Problem statement
The part below that opens with the line containing "優しいvネックセーターの女性" and closes with the line containing "Meteo, primo CALDO" should be copied exactly, minus any pictures.

Supplied entries
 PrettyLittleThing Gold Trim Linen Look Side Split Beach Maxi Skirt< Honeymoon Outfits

---

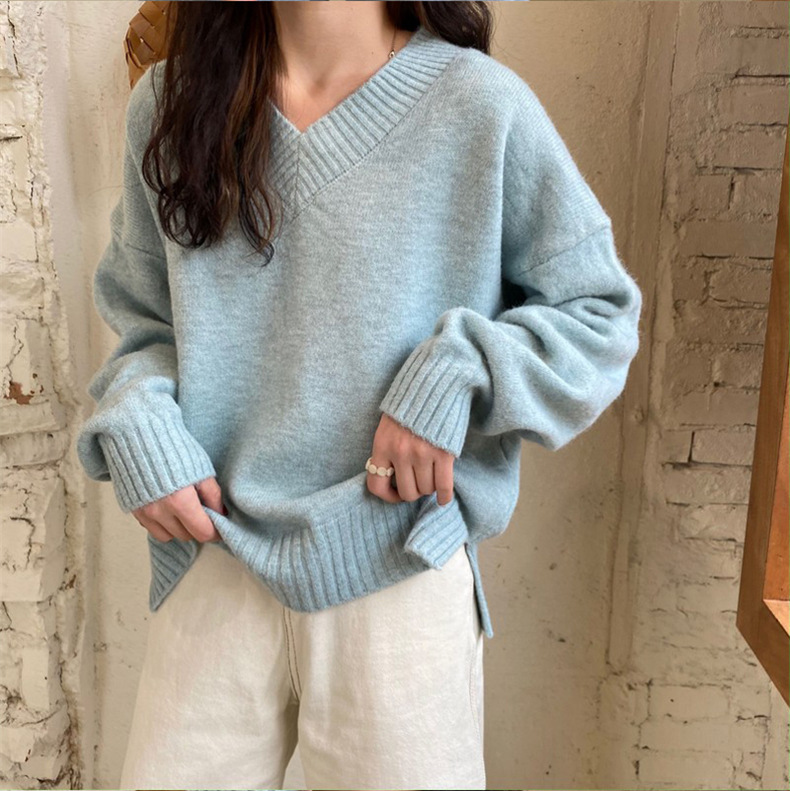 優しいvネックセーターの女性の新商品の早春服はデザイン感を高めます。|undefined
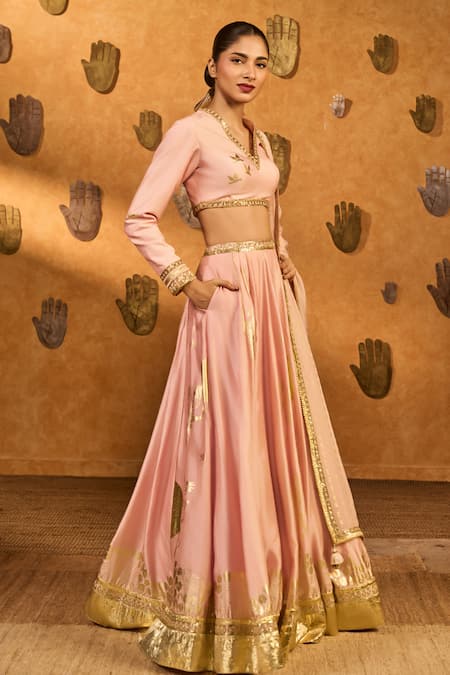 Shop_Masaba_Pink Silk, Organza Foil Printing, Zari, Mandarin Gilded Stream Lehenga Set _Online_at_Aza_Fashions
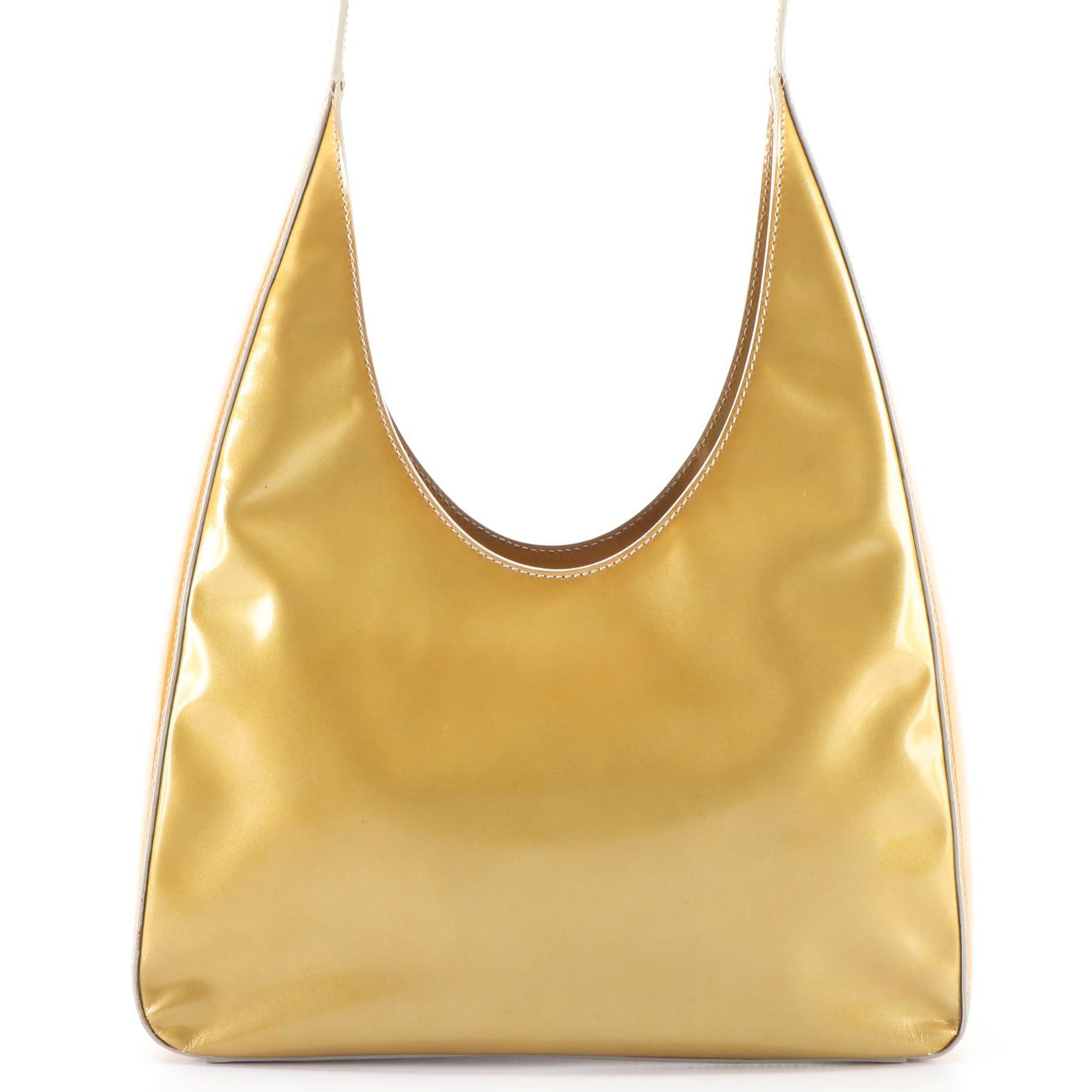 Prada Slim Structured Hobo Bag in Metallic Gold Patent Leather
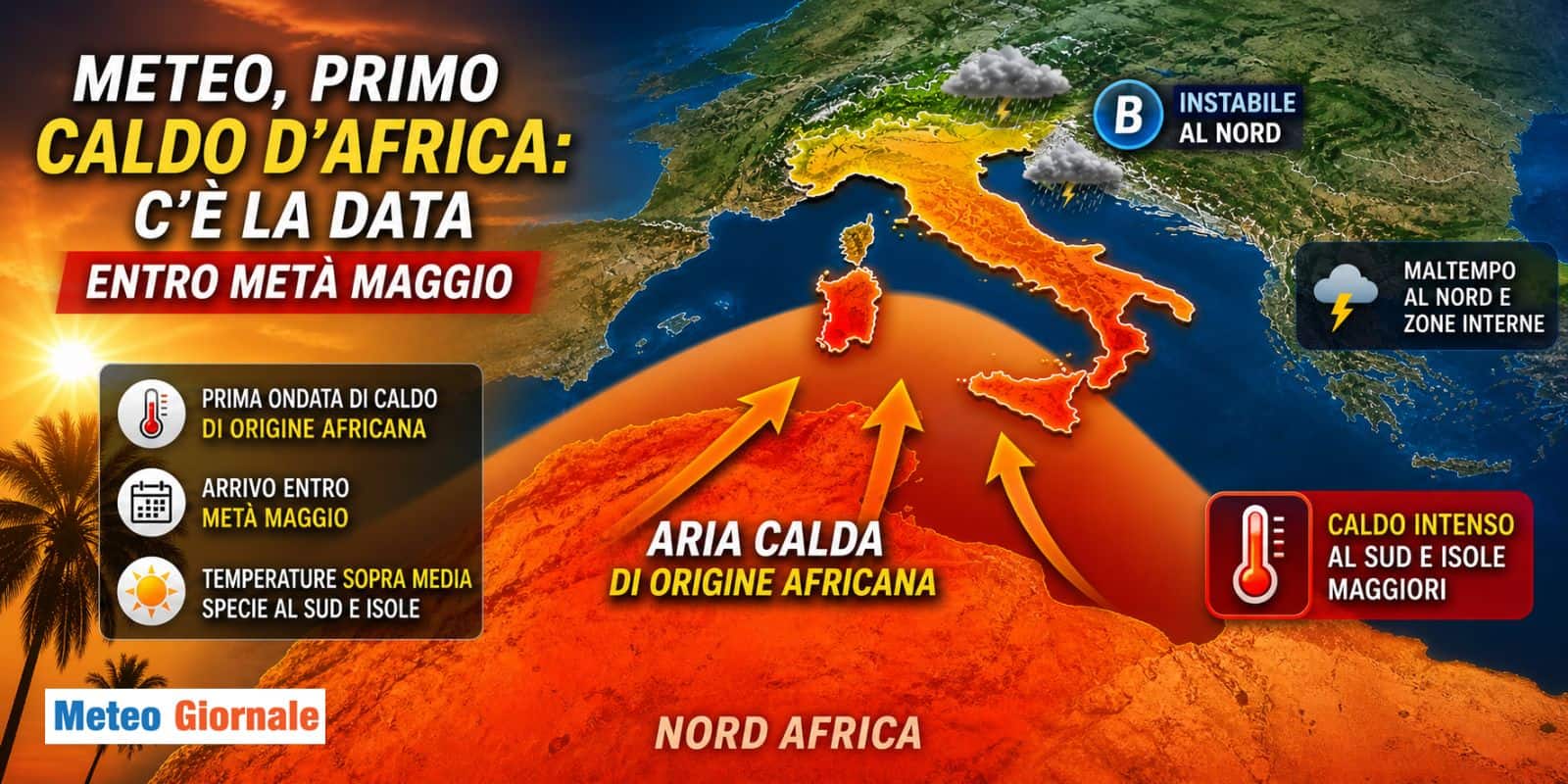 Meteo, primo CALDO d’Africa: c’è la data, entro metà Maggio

Expected output
 優しいvネックセーターの女性の新商品の早春服はデザイン感を高めます。|undefined
 Shop_Masaba_Pink Silk, Organza Foil Printing, Zari, Mandarin Gilded Stream Lehenga Set _Online_at_Aza_Fashions
 Prada Slim Structured Hobo Bag in Metallic Gold Patent Leather
 Meteo, primo CALDO d’Africa: c’è la data, entro metà Maggio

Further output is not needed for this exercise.